Records supplied
====================

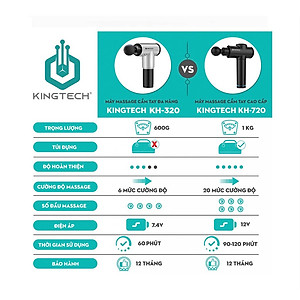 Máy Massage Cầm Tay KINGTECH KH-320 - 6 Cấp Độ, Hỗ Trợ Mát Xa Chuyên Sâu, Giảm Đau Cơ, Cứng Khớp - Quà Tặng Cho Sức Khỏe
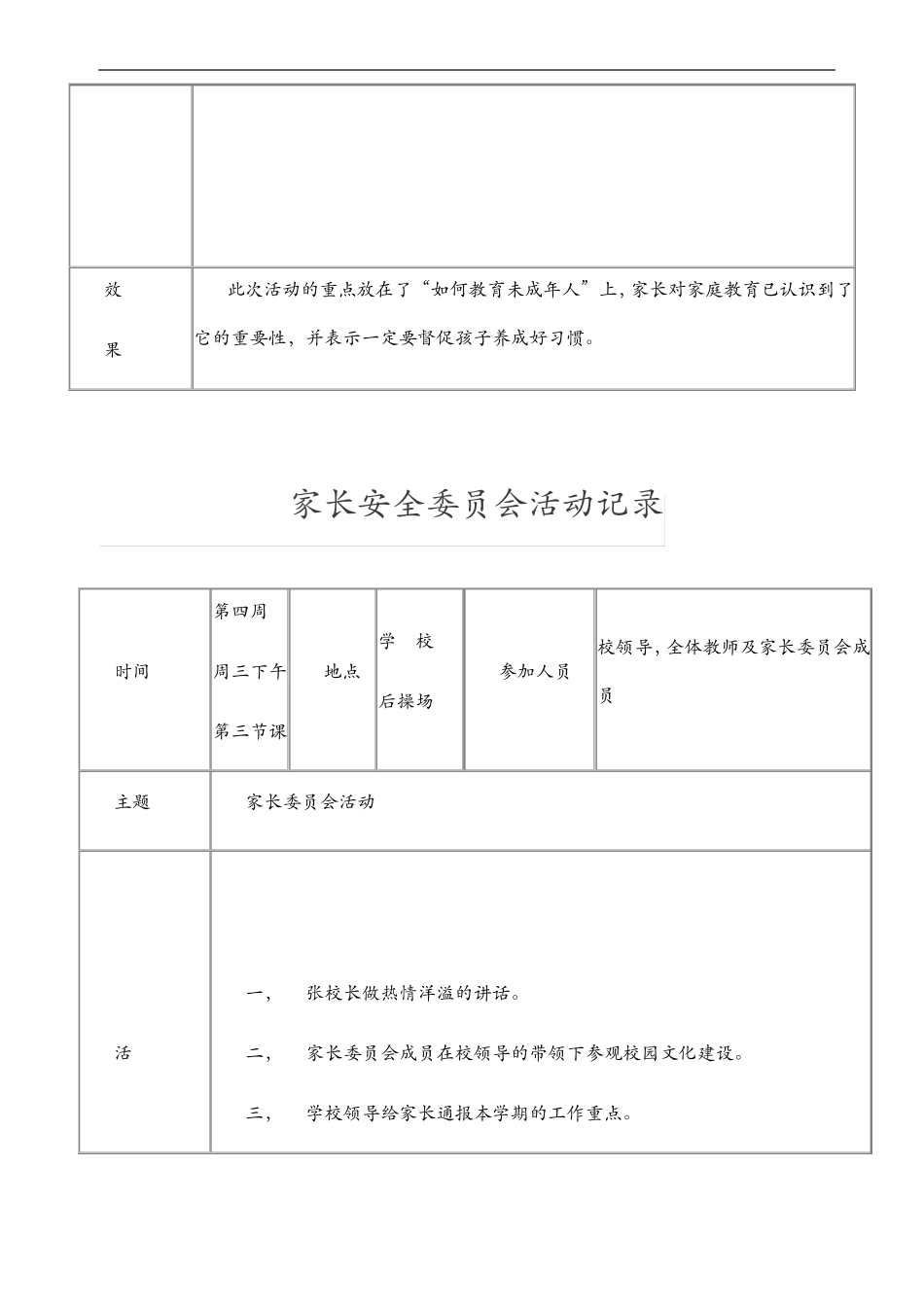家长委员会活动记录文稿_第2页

====================

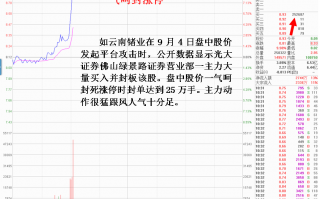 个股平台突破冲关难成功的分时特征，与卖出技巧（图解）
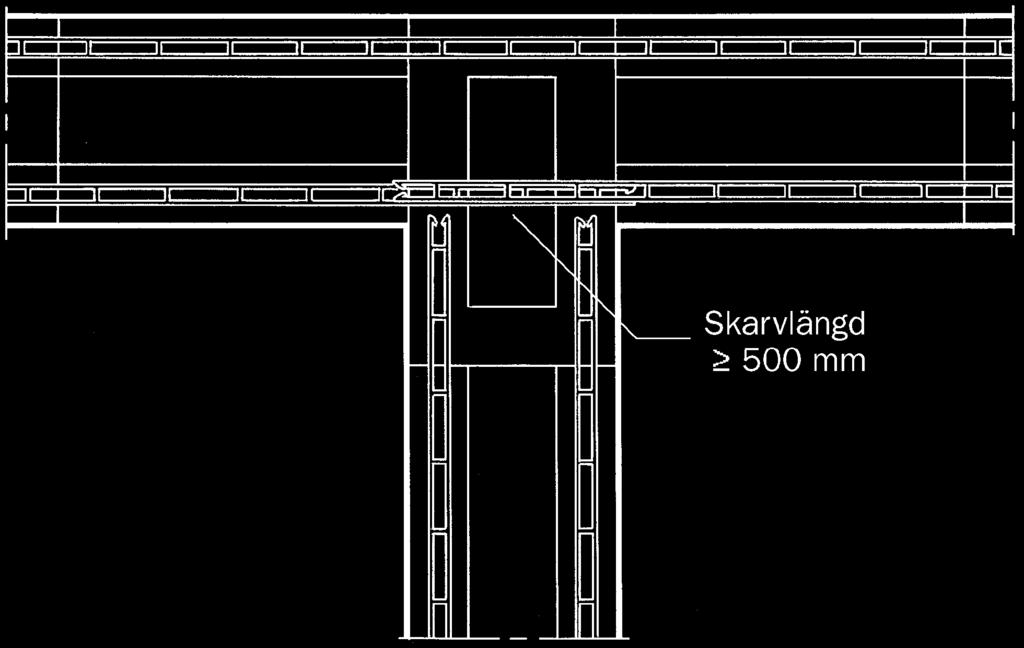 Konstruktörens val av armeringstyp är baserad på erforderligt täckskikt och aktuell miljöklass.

====================

Task details
Exactly the lines above from the one that contains "Máy Massage Cầm" down to the one that contains "家长委员会活动记录文稿_第2页" are to be output, both ends kept and pictures omitted.

Worked solution
 Máy Massage Cầm Tay KINGTECH KH-320 - 6 Cấp Độ, Hỗ Trợ Mát Xa Chuyên Sâu, Giảm Đau Cơ, Cứng Khớp - Quà Tặng Cho Sức Khỏe
家长委员会活动记录文稿_第2页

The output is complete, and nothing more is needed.